Assigned task
What is wanted is the full listing, word for word, without its pictures.

Data section
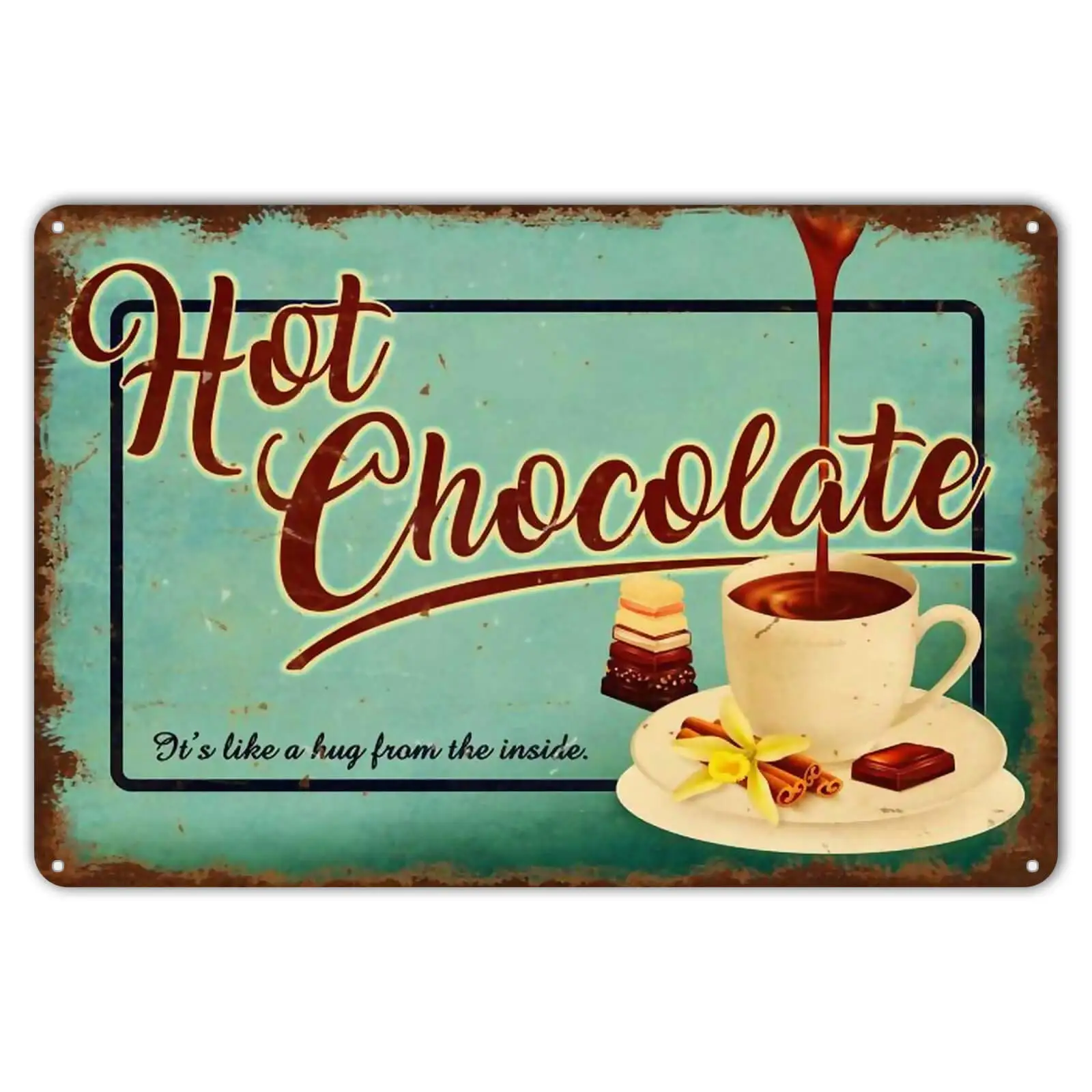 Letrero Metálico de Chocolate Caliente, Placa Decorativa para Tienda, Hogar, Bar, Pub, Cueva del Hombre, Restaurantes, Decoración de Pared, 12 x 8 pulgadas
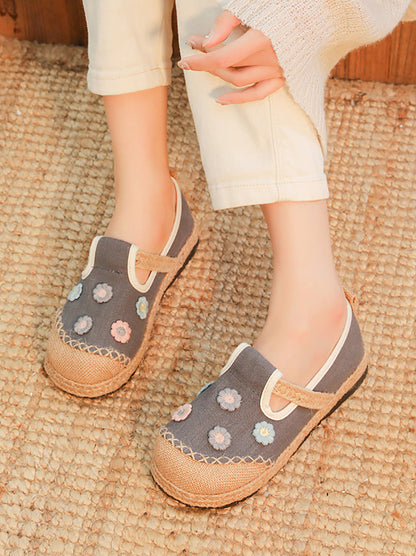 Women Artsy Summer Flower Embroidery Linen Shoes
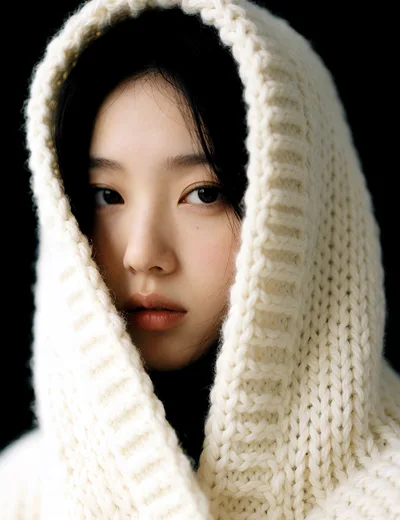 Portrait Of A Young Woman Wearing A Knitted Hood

Solution to this problem
 Letrero Metálico de Chocolate Caliente, Placa Decorativa para Tienda, Hogar, Bar, Pub, Cueva del Hombre, Restaurantes, Decoración de Pared, 12 x 8 pulgadas
 Women Artsy Summer Flower Embroidery Linen Shoes
 Portrait Of A Young Woman Wearing A Knitted Hood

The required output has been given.